事業場外みなし労働時間制では、確かに通常は残業代が発生することはありません。

朝の8時から外勤活動を始め、夜は夜で20時まで外回りをしていたとしましょう。この場合12時間も外勤をしていたことになります。ただし事業場外みなし労働時間制であっても休憩時間を与える必要は残りますので、1時間は昼食などのために休憩していたとしますと、勤務時間は11時間です。この会社のみなし労働時間が8時間であったとしますと、3時間も時間外勤務をしています。

ですが、この3時間分の残業代は発生しません。事業場外みなし労働時間制とは、何時間仕事をしていようともみなし労働時間だけ仕事をしたものとみなされる制度です。
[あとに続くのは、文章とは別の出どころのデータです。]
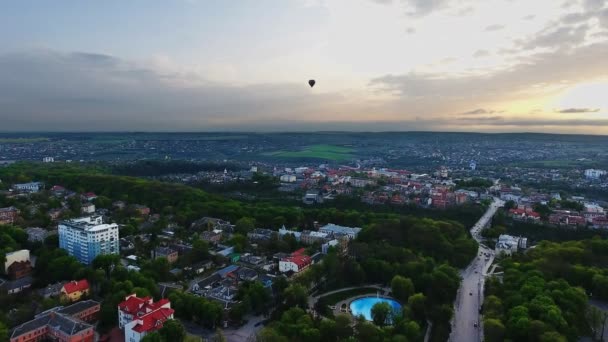 Panoramica Veduta aerea drone della città vecchia — Video Stock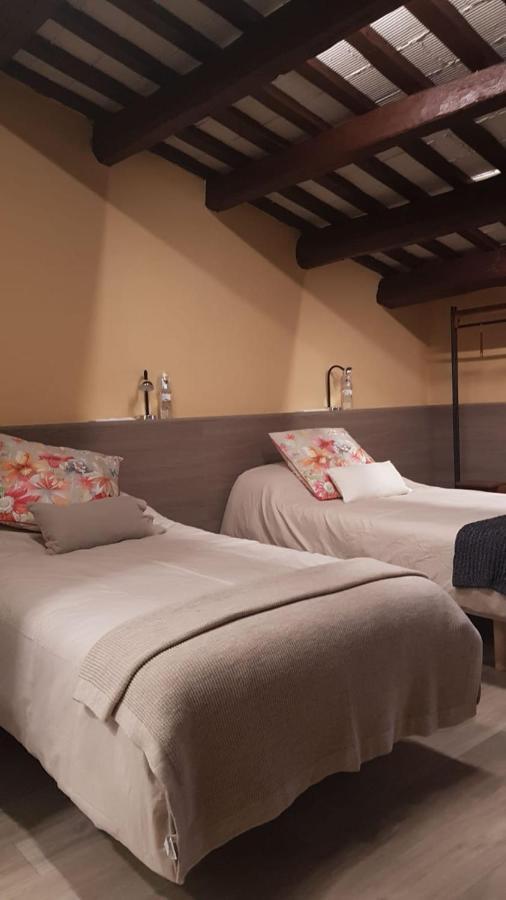 Cal Duran Bed & Breakfast Esparraguera ภายนอก รูปภาพ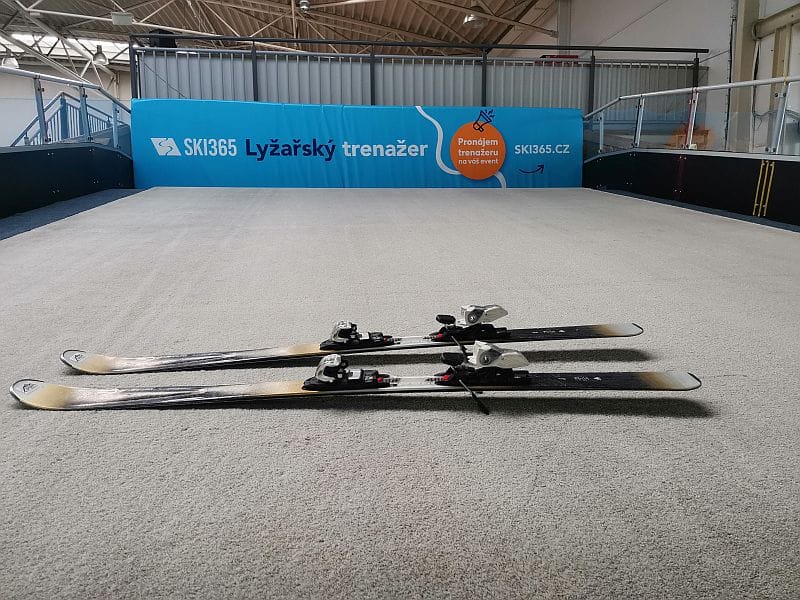 celoroční lyžování ski365.cz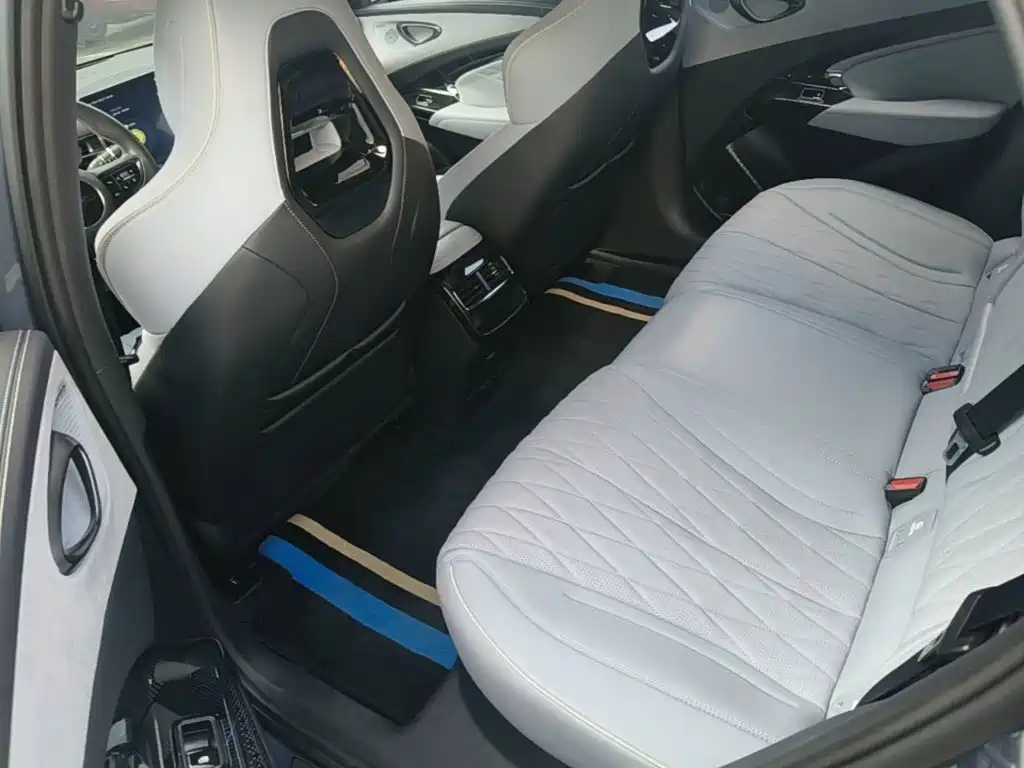 BYD Seal — миниатюра 17
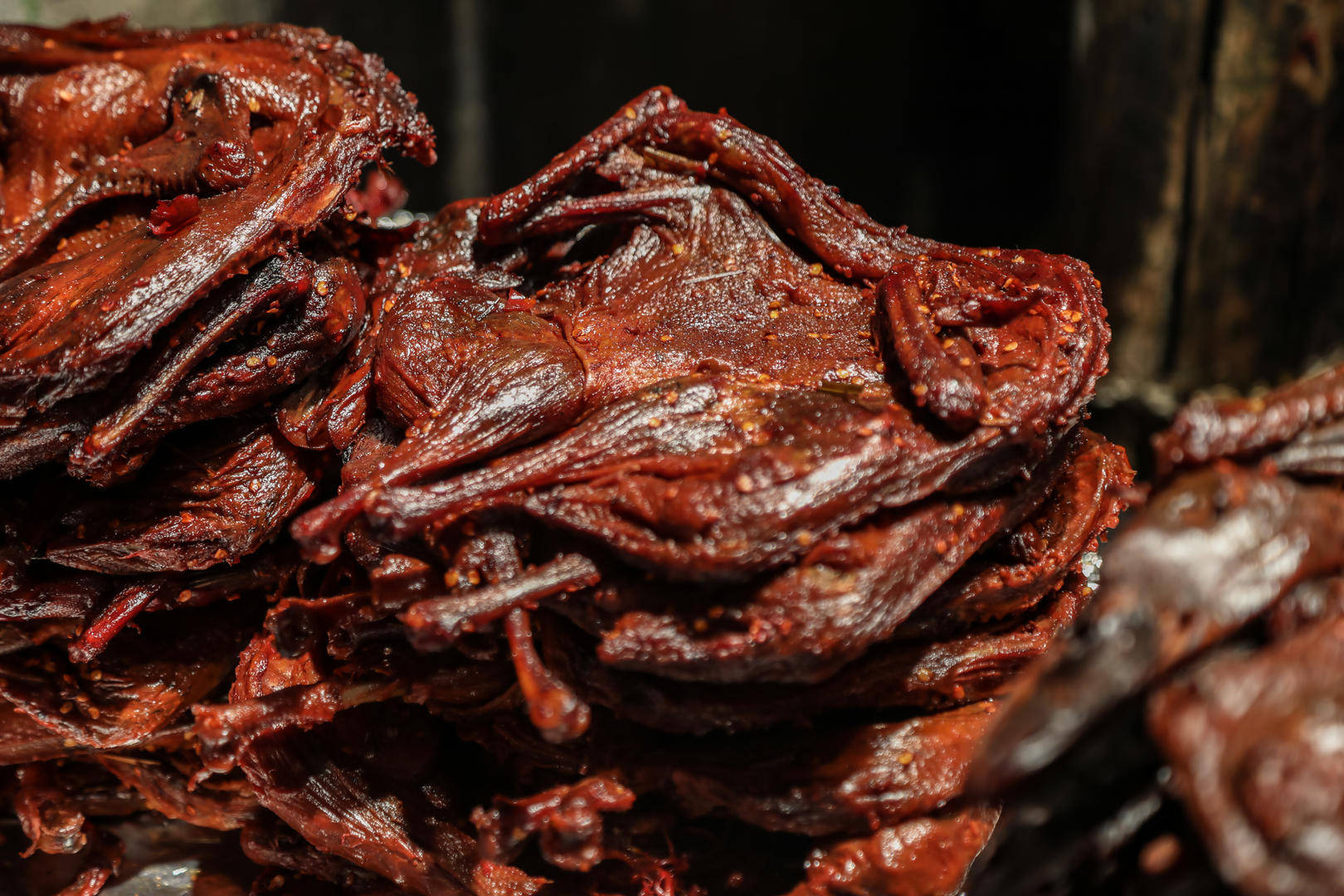 从越缅走私3万多只冻鸭制作酱板鸭<strong></p>
<p>海外币圈</strong>！湖南5人一审获刑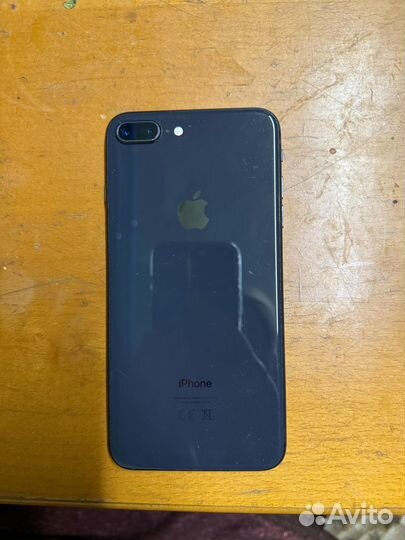 iPhone 8 Plus, 64 ГБ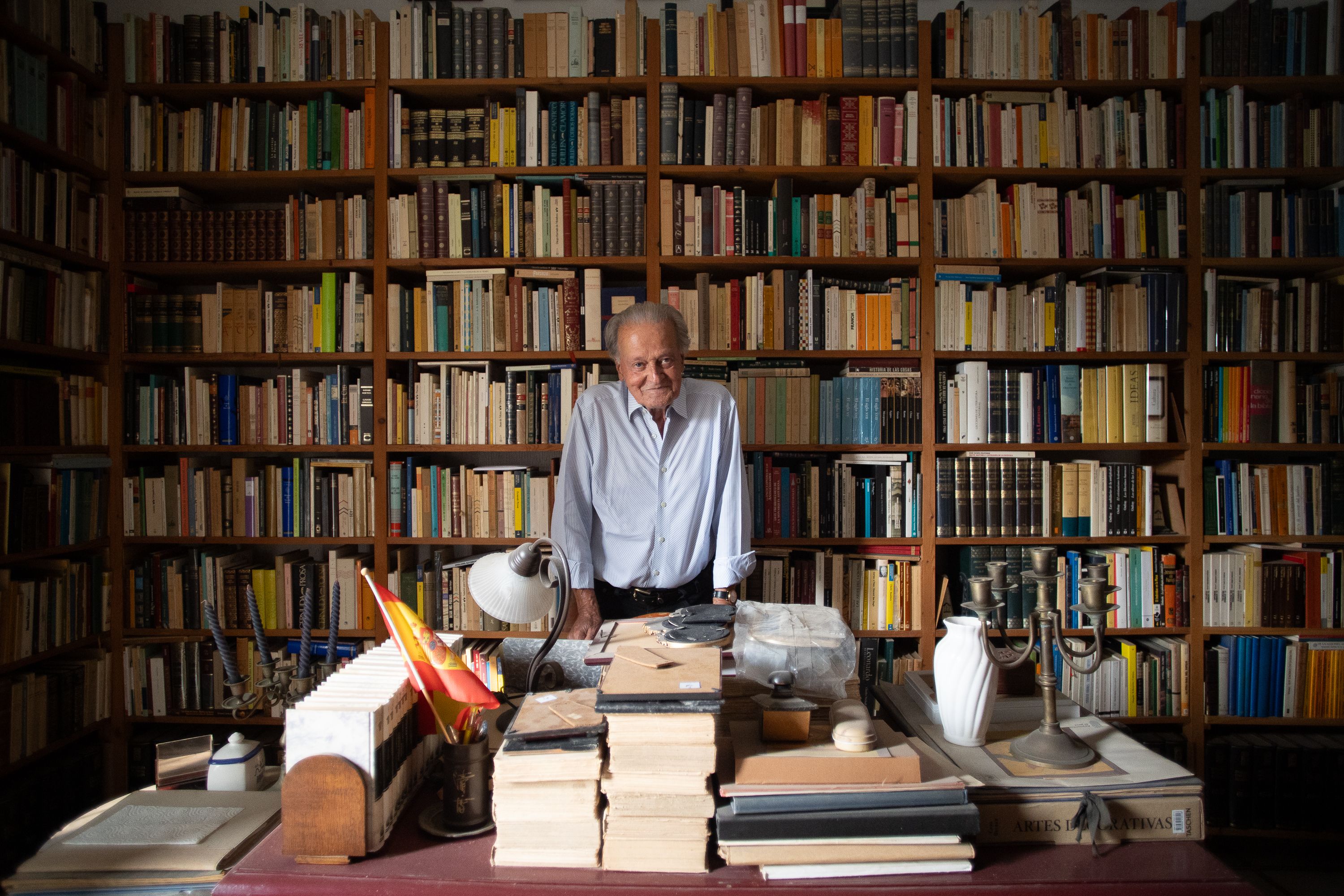 El escritor Francisco Bejarano, ante una de sus imponentes estanterías repletas de miles de volúmenes.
ですから11時間仕事をしていたとしても8時間だけ仕事をしたとみなされることになります。従って残業代は発生しません。逆に7時間とか6時間しか仕事をしていなくても8時間は働いたものとみなされますから、残業手当が出ない代わりに遅刻や早退扱いとなって給料が減らされることもありません。

ただし、事業場外みなし労働時間制でのみなし労働時間は、8時間としなければならないわけではありません。11時間が通常だというのは行き過ぎですが、9時間が通常だということであれば会社として9時間に設定することは可能です。もちろん全体一律に適用する必要があり、ある人は9時間とみなすけれども別の人は8時間とみなすというように、人によって異なる時間を設定することはできません。